→ Data in this exercise:
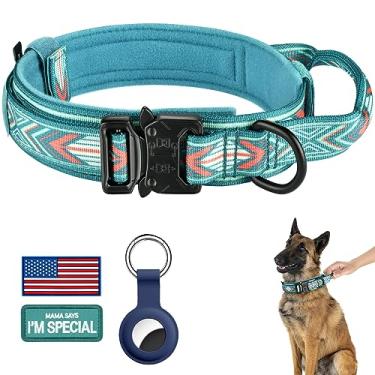 Imagem de DAGANXI Coleira tática para cães, de nylon de treinamento militar ajustável, com alça de controle e fivela de metal pesado para cães médios e grandes, com adesivos e estojo de Airtags (G, seta verde)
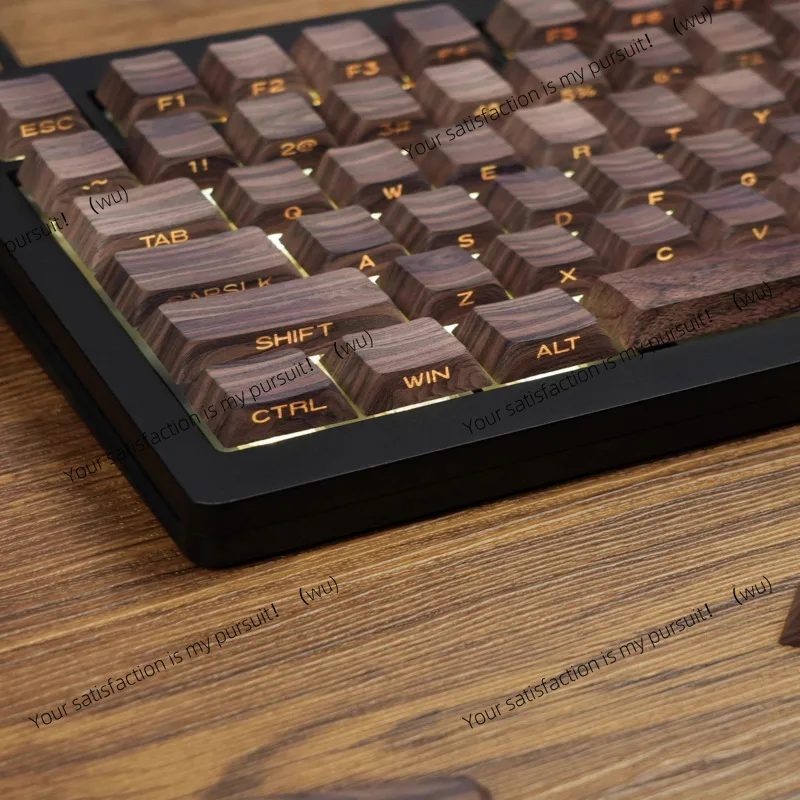 Walnut grain side engraved and translucent, PBT creative five-sided sublimation custom key cover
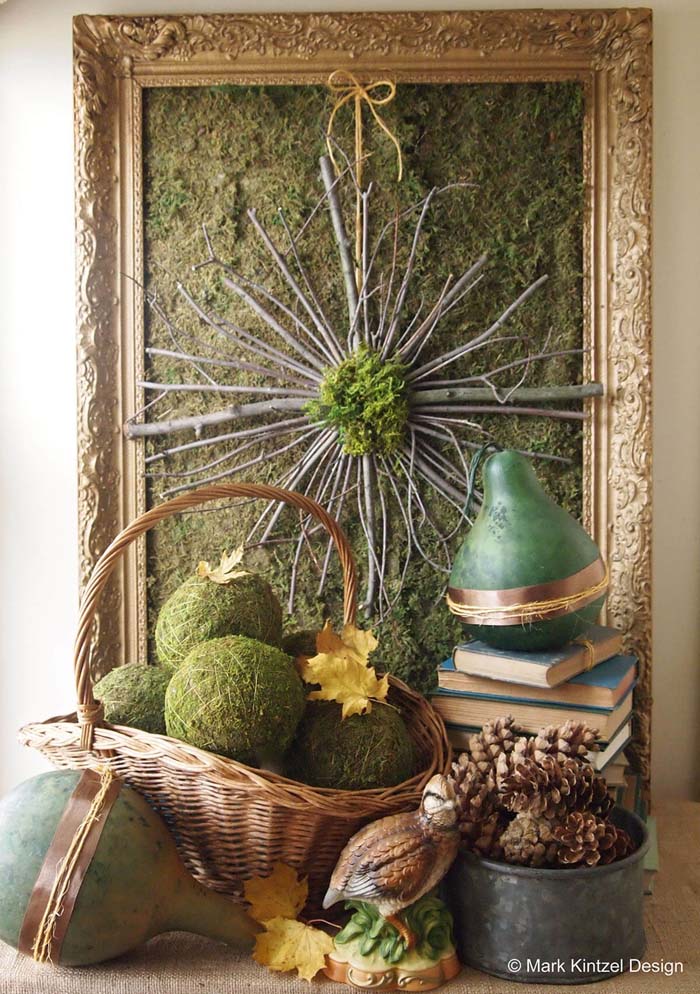 Framed Sticks Wreath #diy #decor #sticks #twigs #decorhomeideas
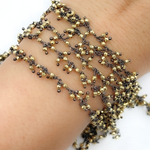 Load image into Gallery viewer, Golden Pyrite Cluster Dangle Oxidized Wire Chain.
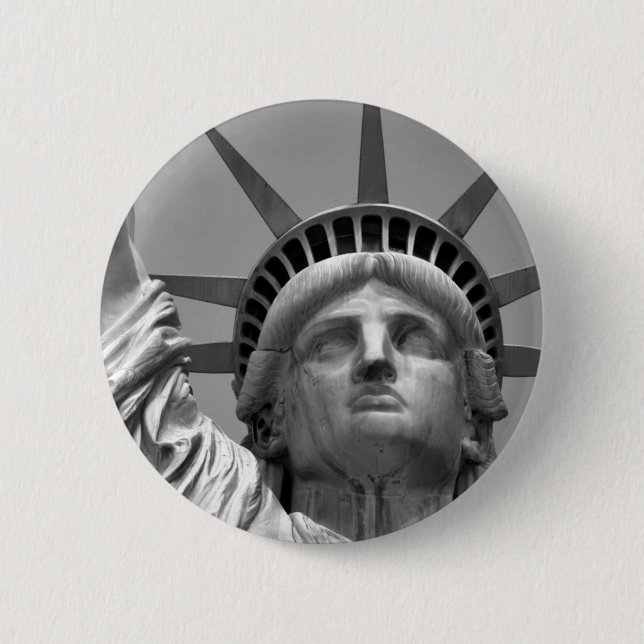 Schwarz-Weiß-Freiheitsstatue New York Button (Vorderseite)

→ Work required:
Without any of the pictures, set the entries down again exactly as written.

→ Reply to the task:
 Imagem de DAGANXI Coleira tática para cães, de nylon de treinamento militar ajustável, com alça de controle e fivela de metal pesado para cães médios e grandes, com adesivos e estojo de Airtags (G, seta verde)
 Walnut grain side engraved and translucent, PBT creative five-sided sublimation custom key cover
 Framed Sticks Wreath #diy #decor #sticks #twigs #decorhomeideas
 Load image into Gallery viewer, Golden Pyrite Cluster Dangle Oxidized Wire Chain.
 Schwarz-Weiß-Freiheitsstatue New York Button (Vorderseite)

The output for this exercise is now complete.